The European Union will slap new sanctions on Russia for waging war against Ukraine, targeting Moscow's oil industry, more Russian banks and those responsible for disinformation, the EU's top diplomat said on Tuesday.
"We are working on the sixth package of sanctions which aims to de-SWIFT more banks, list disinformation actors and tackle oil imports," Josep Borrell, head of the foreign policy unit at the EU's executive European Commission, said in a tweet.
The latest round of sanctions would also affect Sberbank , Russia's top lender, diplomats said, adding it to several banks that have already been excluded from the SWIFT messaging system.

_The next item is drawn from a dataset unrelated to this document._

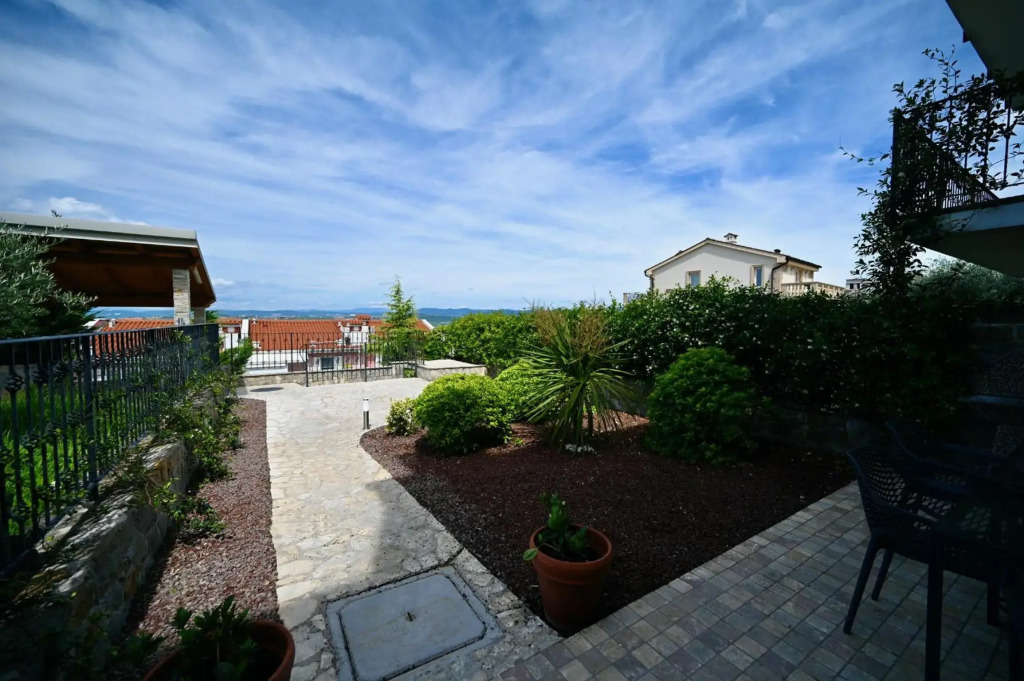 Sea Star Apartment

Borrell said the Commission's proposed measures against Russia, which attacked Ukraine by land, sea and air on Feb. 24, would be presented to the 27 EU member states for approval.
Officials said European Commission President Ursula von der Leyen is expected to spell out the proposed new sanctions on Wednesday, and that they would include a ban on imports of Russian oil by the end of this year.
Russian President Vladimir Putin put the West on notice on Tuesday that he could terminate exports and deals in response to the sanctions burden imposed by the EU and the United States.
An embargo on Russian oil would deprive Moscow of a large revenue stream, but reaching an agreement on the measure has divided countries of the bloc, which relies on Russia for 26% of its oil imports.
Hungary and Germany were among those with reservations against an oil embargo. Among their concerns was that surging energy prices would hurt EU economies already grappling with inflation.
Resistance to an oil import ban faded over the past week after an agreement came together that would offer exemptions to Slovakia and Hungary, diplomats told Reuters, citing two countries highly dependent on Russian crude.
EU countries have paid more than 47 billion euros ($47.43 billion) to Russia for gas and oil since it invaded Ukraine, according to research organisation the Centre for Research on Energy and Clean Air.